街中軍裝問題批判の倫理性

「街中軍裝が炎上した」と云ふ話は今でも斷續的に目にすることがあるので、この邊りで一度樞軸國民としての心得をまとめておくことにする。豫め斷つておくが、こちらは街中軍裝を人に奬めるものではない。「街中軍裝をしてみたいがどうすればよいか」等の質問をする段階であれば「やめた方がよい」と答へるだらうし、すでに一線を越えた人に對しては少なくともそれ自體については特に批判もしないだらうと云ふ立ち位置である。

まづ、街中軍裝問題とは何か。それを議論するにはこの問題を構成する街中軍裝の定義から始めなければならない。街中軍裝にはおほむねふたつの系統がある。現存する軍隊の恰好をするものと、現在絕對惡とされる樞軸國系の軍隊及びそれに準ずるものの恰好をするものである。それに加へてこれら兩方に適用される事案として、武器に見えるものを携行するかと云ふ問題もある。どちらも軍隊の恰好をしてゐるのだから變はらないと思ふかもしれないが、基本的に人間は自由であり、ある他者の行動を制限するには根據が必要になり、主張されるそれがそれぞれ異なつてくるので敢て分ける必要がある。

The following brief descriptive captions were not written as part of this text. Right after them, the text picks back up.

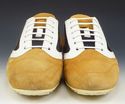 FERRAGAMO sz 7 EE SUEDE  & NYLON SNEAKERS MENS BRO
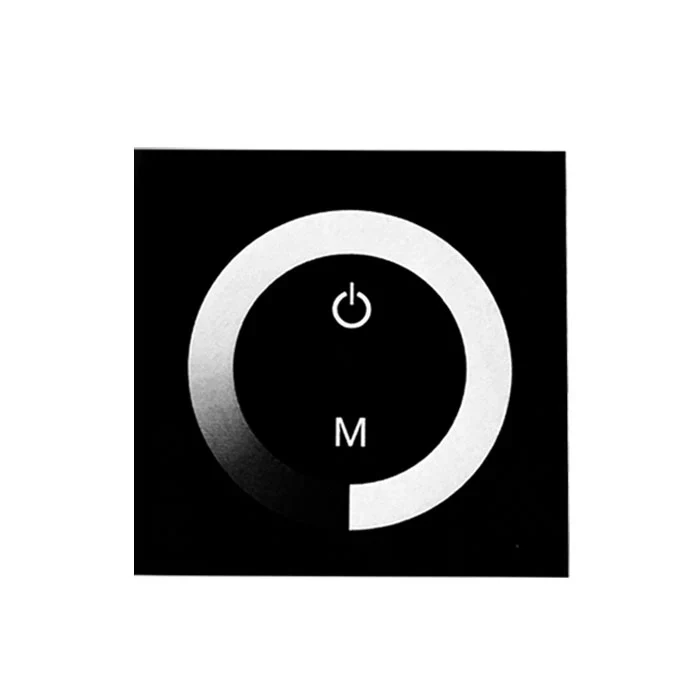 Single Color LED Strip Wall Panel Touch Dimmer – DC12V-24V | TM06 Touch Color Ring LED Dimmer Controller | For LED Strips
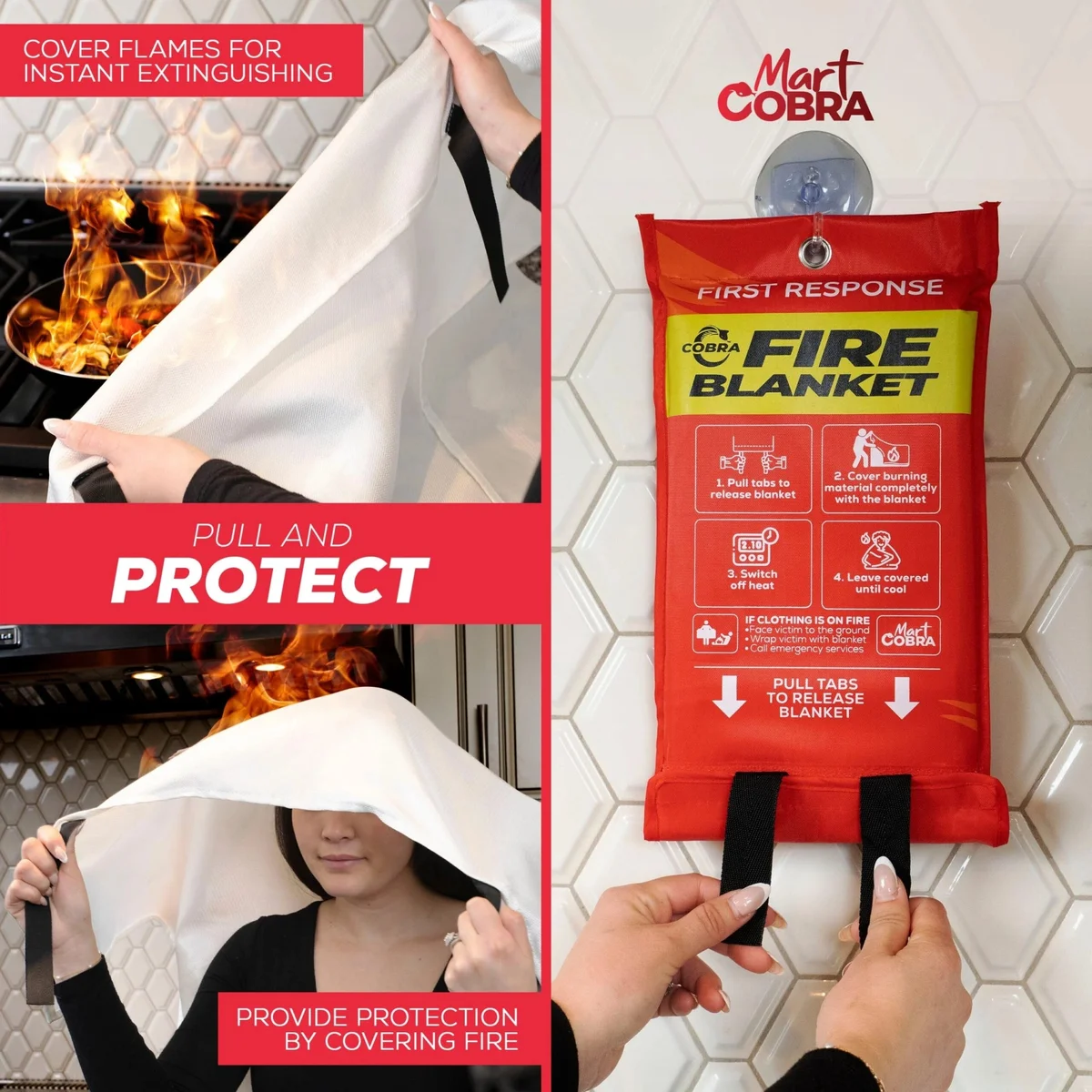 How to use a fire blanket — Pull, Cover, Done in 3 steps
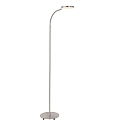 Mexlite floor lamp PLATU with flex arm, with touch dimmer IP20, steel dimmable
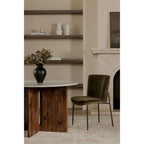 NADAAL STUDIOS Brelline, Round Dining Table With Cross Legs - 48W x48D x30H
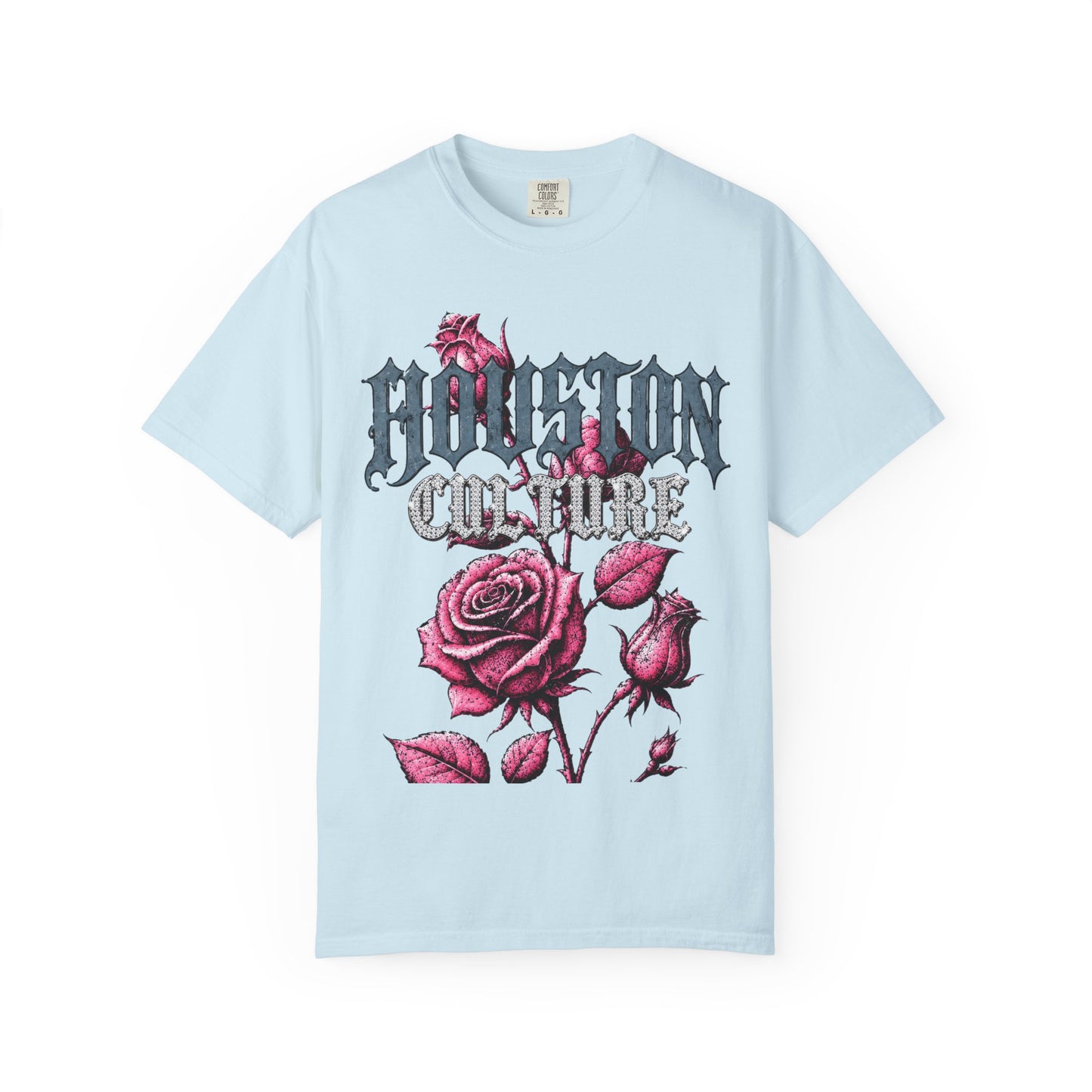 Houston Culture Rose Graphic Tee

まづ前者及び武器に見えるものの携行については、法律の領域の問題が存在する。「法律で禁止されてゐることはやるべきではない」と云ふことは汎く一般に共有されてゐる認識ではあり、これを許に前者をたしなめることはよく行はれる。但しこゝで法律の領分であるからと云つて、すぐさまその該當行爲を實施する自由が制限されるわけではないことには注意が必要である。例へば米軍の恰好をするものや凶器携帶についてはこれを取締まる法律が存在するが、その法律の條文には該當行爲の禁止が命令されてゐるわけではなく、その行爲をした場合に權力が課すことの可能な自由刑が記述されてゐるだけである。從つて(當然その法律が合憲の場合に限り)後々自由が制限されることを承服さへしておけば、その該當行爲をする自由自體は存在する、とみなすことも一應は可能である。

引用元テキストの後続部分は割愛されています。